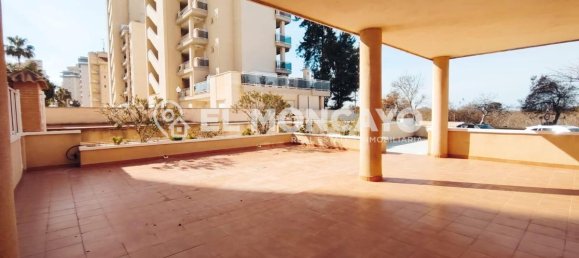 Apartamento de 2 dormitorios en Guardamar del Segura, Spain No. 291359 4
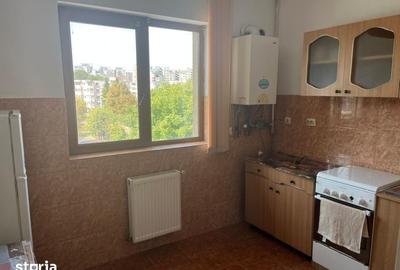 Garsonieră în Mărăști - 4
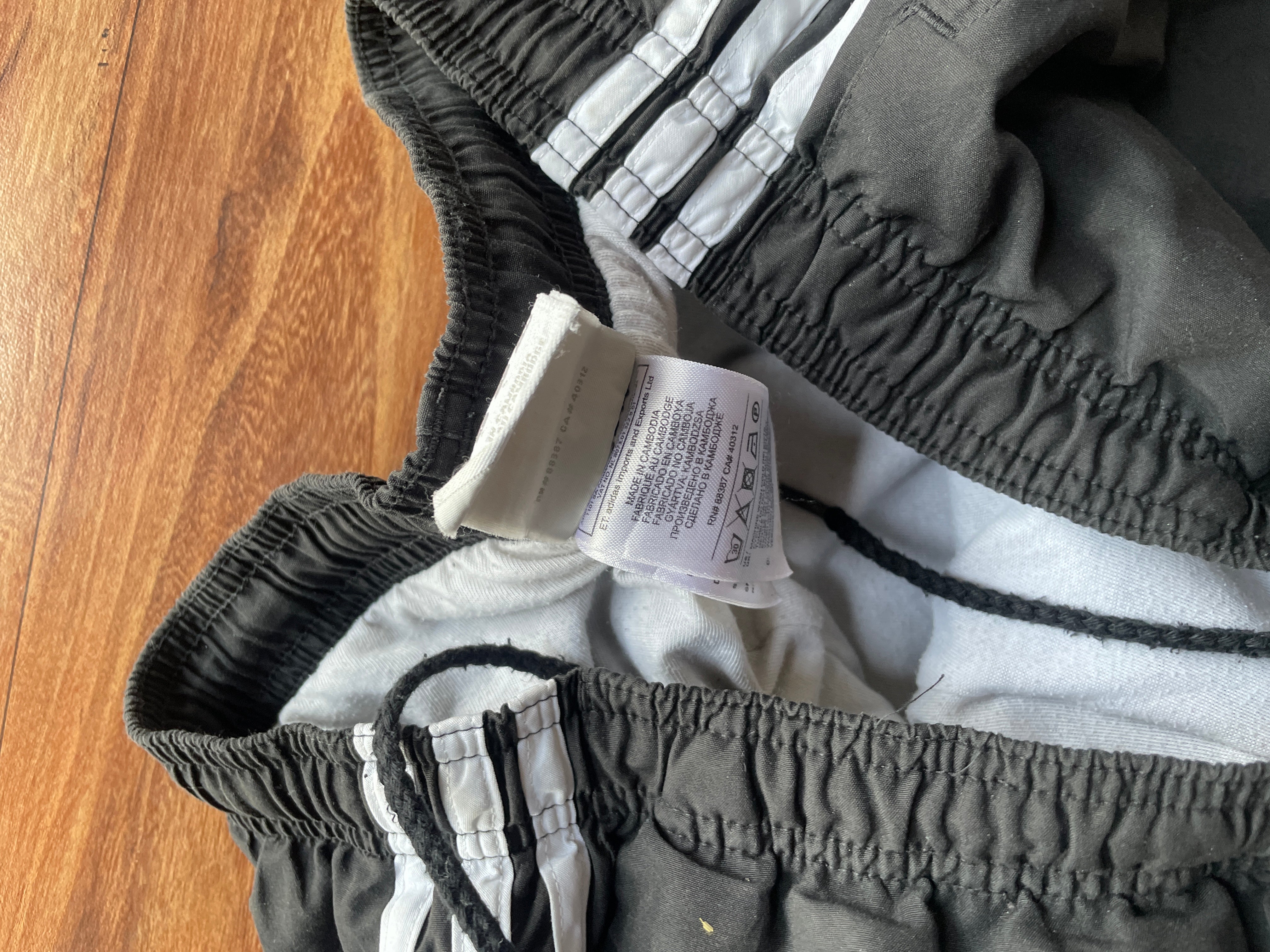 Adidas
-- -- --
Reprint the whole listing verbatim except for the pictures.

 Apartamento de 2 dormitorios en Guardamar del Segura, Spain No. 291359 4
 Garsonieră în Mărăști - 4
 Adidas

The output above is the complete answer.